WHAT THIS TASK INVOLVES: Retype the listing exactly, so that the copy matches it line for line.

PROVIDED DATA:
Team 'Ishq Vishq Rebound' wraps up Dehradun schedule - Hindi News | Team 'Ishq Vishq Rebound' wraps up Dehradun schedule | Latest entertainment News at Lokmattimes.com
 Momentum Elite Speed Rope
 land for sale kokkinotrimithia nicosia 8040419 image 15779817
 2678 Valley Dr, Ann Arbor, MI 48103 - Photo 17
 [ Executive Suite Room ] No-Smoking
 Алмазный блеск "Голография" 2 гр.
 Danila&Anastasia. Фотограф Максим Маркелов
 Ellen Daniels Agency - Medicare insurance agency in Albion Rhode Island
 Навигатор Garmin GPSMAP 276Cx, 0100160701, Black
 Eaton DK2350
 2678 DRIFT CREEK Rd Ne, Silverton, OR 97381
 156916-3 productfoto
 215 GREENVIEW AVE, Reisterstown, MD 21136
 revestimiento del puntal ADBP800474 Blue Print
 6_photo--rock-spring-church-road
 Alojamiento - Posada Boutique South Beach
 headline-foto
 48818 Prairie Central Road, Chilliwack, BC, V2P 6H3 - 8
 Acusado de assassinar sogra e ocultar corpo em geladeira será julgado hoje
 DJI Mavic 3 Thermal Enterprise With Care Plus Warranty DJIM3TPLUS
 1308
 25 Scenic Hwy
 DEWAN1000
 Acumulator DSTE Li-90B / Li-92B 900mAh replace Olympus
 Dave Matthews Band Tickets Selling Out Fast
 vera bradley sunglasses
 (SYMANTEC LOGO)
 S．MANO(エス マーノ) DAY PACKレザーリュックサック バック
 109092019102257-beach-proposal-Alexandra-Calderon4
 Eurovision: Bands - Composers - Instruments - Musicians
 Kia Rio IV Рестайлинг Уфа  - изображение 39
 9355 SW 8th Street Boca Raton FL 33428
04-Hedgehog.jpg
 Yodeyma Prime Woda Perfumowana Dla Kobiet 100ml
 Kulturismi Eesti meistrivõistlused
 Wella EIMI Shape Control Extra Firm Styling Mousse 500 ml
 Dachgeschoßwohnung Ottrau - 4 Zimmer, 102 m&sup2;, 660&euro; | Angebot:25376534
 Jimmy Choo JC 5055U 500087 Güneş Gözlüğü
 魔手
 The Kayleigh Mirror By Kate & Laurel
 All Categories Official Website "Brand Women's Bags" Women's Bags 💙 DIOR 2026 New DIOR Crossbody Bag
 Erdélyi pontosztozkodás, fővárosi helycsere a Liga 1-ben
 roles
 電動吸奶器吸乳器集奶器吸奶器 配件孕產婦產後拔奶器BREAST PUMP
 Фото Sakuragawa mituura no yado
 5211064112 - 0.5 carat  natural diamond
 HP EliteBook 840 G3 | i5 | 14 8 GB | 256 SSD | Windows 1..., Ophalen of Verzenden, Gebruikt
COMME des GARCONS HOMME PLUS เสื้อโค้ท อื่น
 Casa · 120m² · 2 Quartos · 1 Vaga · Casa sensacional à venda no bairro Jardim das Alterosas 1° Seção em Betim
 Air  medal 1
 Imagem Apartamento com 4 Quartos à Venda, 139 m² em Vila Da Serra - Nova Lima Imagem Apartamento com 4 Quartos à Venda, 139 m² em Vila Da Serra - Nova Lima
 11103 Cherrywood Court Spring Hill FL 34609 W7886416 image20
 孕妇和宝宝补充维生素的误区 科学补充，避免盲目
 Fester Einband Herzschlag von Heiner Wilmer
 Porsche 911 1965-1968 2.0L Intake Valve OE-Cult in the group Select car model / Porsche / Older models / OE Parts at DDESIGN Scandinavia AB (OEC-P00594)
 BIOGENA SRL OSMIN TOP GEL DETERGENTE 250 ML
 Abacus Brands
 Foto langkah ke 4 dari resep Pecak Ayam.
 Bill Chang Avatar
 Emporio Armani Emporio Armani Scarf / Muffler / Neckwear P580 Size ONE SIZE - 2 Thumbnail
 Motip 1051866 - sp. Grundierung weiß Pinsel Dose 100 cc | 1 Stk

WRITTEN ANSWER:
Team 'Ishq Vishq Rebound' wraps up Dehradun schedule - Hindi News | Team 'Ishq Vishq Rebound' wraps up Dehradun schedule | Latest entertainment News at Lokmattimes.com
 Momentum Elite Speed Rope
 land for sale kokkinotrimithia nicosia 8040419 image 15779817
 2678 Valley Dr, Ann Arbor, MI 48103 - Photo 17
 [ Executive Suite Room ] No-Smoking
 Алмазный блеск "Голография" 2 гр.
 Danila&Anastasia. Фотограф Максим Маркелов
 Ellen Daniels Agency - Medicare insurance agency in Albion Rhode Island
 Навигатор Garmin GPSMAP 276Cx, 0100160701, Black
 Eaton DK2350
 2678 DRIFT CREEK Rd Ne, Silverton, OR 97381
 156916-3 productfoto
 215 GREENVIEW AVE, Reisterstown, MD 21136
 revestimiento del puntal ADBP800474 Blue Print
 6_photo--rock-spring-church-road
 Alojamiento - Posada Boutique South Beach
 headline-foto
 48818 Prairie Central Road, Chilliwack, BC, V2P 6H3 - 8
 Acusado de assassinar sogra e ocultar corpo em geladeira será julgado hoje
 DJI Mavic 3 Thermal Enterprise With Care Plus Warranty DJIM3TPLUS
 1308
 25 Scenic Hwy
 DEWAN1000
 Acumulator DSTE Li-90B / Li-92B 900mAh replace Olympus
 Dave Matthews Band Tickets Selling Out Fast
 vera bradley sunglasses
 (SYMANTEC LOGO)
 S．MANO(エス マーノ) DAY PACKレザーリュックサック バック
 109092019102257-beach-proposal-Alexandra-Calderon4
 Eurovision: Bands - Composers - Instruments - Musicians
 Kia Rio IV Рестайлинг Уфа  - изображение 39
 9355 SW 8th Street Boca Raton FL 33428
04-Hedgehog.jpg
 Yodeyma Prime Woda Perfumowana Dla Kobiet 100ml
 Kulturismi Eesti meistrivõistlused
 Wella EIMI Shape Control Extra Firm Styling Mousse 500 ml
 Dachgeschoßwohnung Ottrau - 4 Zimmer, 102 m&sup2;, 660&euro; | Angebot:25376534
 Jimmy Choo JC 5055U 500087 Güneş Gözlüğü
 魔手
 The Kayleigh Mirror By Kate & Laurel
 All Categories Official Website "Brand Women's Bags" Women's Bags 💙 DIOR 2026 New DIOR Crossbody Bag
 Erdélyi pontosztozkodás, fővárosi helycsere a Liga 1-ben
 roles
 電動吸奶器吸乳器集奶器吸奶器 配件孕產婦產後拔奶器BREAST PUMP
 Фото Sakuragawa mituura no yado
 5211064112 - 0.5 carat  natural diamond
 HP EliteBook 840 G3 | i5 | 14 8 GB | 256 SSD | Windows 1..., Ophalen of Verzenden, Gebruikt
COMME des GARCONS HOMME PLUS เสื้อโค้ท อื่น
 Casa · 120m² · 2 Quartos · 1 Vaga · Casa sensacional à venda no bairro Jardim das Alterosas 1° Seção em Betim
 Air  medal 1
 Imagem Apartamento com 4 Quartos à Venda, 139 m² em Vila Da Serra - Nova Lima Imagem Apartamento com 4 Quartos à Venda, 139 m² em Vila Da Serra - Nova Lima
 11103 Cherrywood Court Spring Hill FL 34609 W7886416 image20
 孕妇和宝宝补充维生素的误区 科学补充，避免盲目
 Fester Einband Herzschlag von Heiner Wilmer
 Porsche 911 1965-1968 2.0L Intake Valve OE-Cult in the group Select car model / Porsche / Older models / OE Parts at DDESIGN Scandinavia AB (OEC-P00594)
 BIOGENA SRL OSMIN TOP GEL DETERGENTE 250 ML
 Abacus Brands
 Foto langkah ke 4 dari resep Pecak Ayam.
 Bill Chang Avatar
 Emporio Armani Emporio Armani Scarf / Muffler / Neckwear P580 Size ONE SIZE - 2 Thumbnail
 Motip 1051866 - sp. Grundierung weiß Pinsel Dose 100 cc | 1 Stk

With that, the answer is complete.